Les patients qui avaient reçu des bêtabloquants dans les 90 jours précédant le diagnostic avaient un risque réduit de 19% de mourir de toute cause, comparativement à ceux qui n’avaient jamais utilisé de bêta-bloquants (HR 0,81, IC à 95% 0,67-0,97, p = 0,02) .

Il n’y avait pas de différence significative de risque de décès, quelle qu’en soit la cause, chez les patients ayant reçu des bêtabloquants plus de 90 jours avant le diagnostic par rapport aux patients non exposés (HR 0,78, IC 95% 0,60-1,00, p = 0,052).

Comment les chercheurs ont-ils interprété les résultats?

Les chercheurs concluent que leur étude a découvert une «association de l’utilisation de bêta-bloquants avec un risque réduit de décès chez les patients atteints de mélanome malin, la forme la plus mortelle de cancer de la peau». Ils disent que cette augmentation observée du temps de survie “suggère que cette classe de médicaments peut être prometteuse (en tant que) stratégie de traitement pour ces patients”.

Conclusion

Cette étude suggère qu’il existe une association entre l’utilisation de bêta-bloquants et le risque de décès de toute cause chez les patients diagnostiqués avec un mélanome malin. La recherche a l’avantage d’être une grande étude basée sur la population qui a utilisé des données provenant de plusieurs bases de données régulièrement mises à jour. Cela permet de s’assurer que l’échantillon de patients étudiés est représentatif de la population générale et que l’information sur l’usage de drogues et la cause du décès est exacte.

Cependant, l’étude comporte plusieurs limites qui devraient être prises en compte lors de l’interprétation des résultats. Par exemple, l’étude n’a pas été contrôlée, et bien que les chercheurs aient tenté d’ajuster les facteurs de confusion probables ou connus, il peut y avoir d’autres caractéristiques de patients inconnues qui expliquent la relation. Par exemple, l’insuffisance cardiaque est une raison fréquente de prescrire des bêta-bloquants, mais les chercheurs n’enregistrent pas les raisons pour lesquelles les gens prenaient des bêta-bloquants ou combien sont morts d’une insuffisance cardiaque.

L’ensemble de données utilisé pour effectuer les analyses était également incomplet. Dans l’ensemble de la population étudiée, 18,4% des patients avaient des informations manquantes sur l’évolution de leur mélanome au moment du diagnostic, et dans le groupe qui prenaient des bêta-bloquants à long terme, 50% des patients ne disposaient pas de ces données. Cette quantité d’information manquante pourrait entraîner un biais.

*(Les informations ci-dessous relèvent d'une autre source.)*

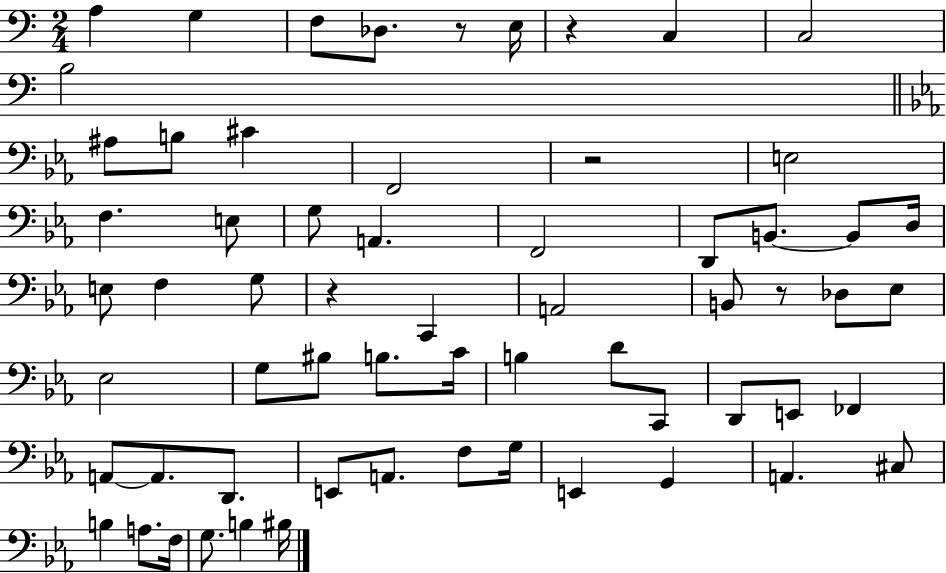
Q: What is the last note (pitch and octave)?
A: BIS3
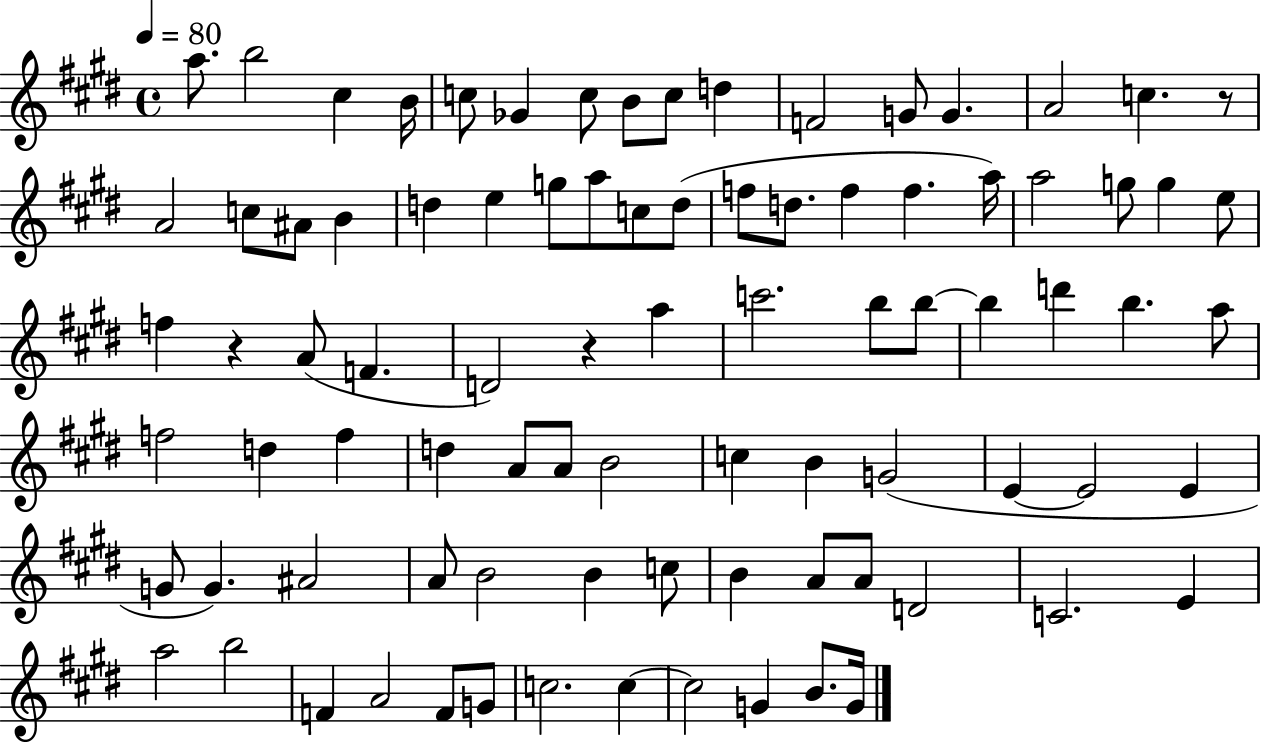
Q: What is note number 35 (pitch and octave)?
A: F5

De plus, cette étude n’a pas rapporté les résultats de l’association entre la prescription de bêta-bloquants après le diagnostic et le risque de décès. Afin de comprendre si les bêta-bloquants pourraient être prescrits comme traitement pour les patients atteints de mélanome malin, ces résultats seraient utiles douleur.

Bien que l’étude examine l’association entre l’utilisation des bêta-bloquants avant le diagnostic et la réduction du risque de mortalité toutes causes confondues, l’utilité clinique pourrait être limitée, car il est peu probable que les bêta-bloquants conviennent comme mesure préventive à long terme. l’apparition de toute maladie.

Les chercheurs ont émis l’hypothèse que les bêta-bloquants pourraient être un moyen efficace d’inhiber la croissance tumorale, en empêchant la formation de nouveaux vaisseaux sanguins. Cependant, cette étude n’a pas testé cette hypothèse car elle n’a pas examiné la formation de nouveaux vaisseaux sanguins chez les patients.

Les chercheurs disent également que des études publiées précédemment ont indiqué que les bêta-bloquants peuvent fournir un traitement efficace pour les patients atteints de mélanome. Bien que cette étude puisse s’avérer utile pour justifier d’autres recherches, elle ne constitue pas en soi une preuve suffisante de l’utilisation de bêtabloquants dans le traitement ou la prévention du mélanome.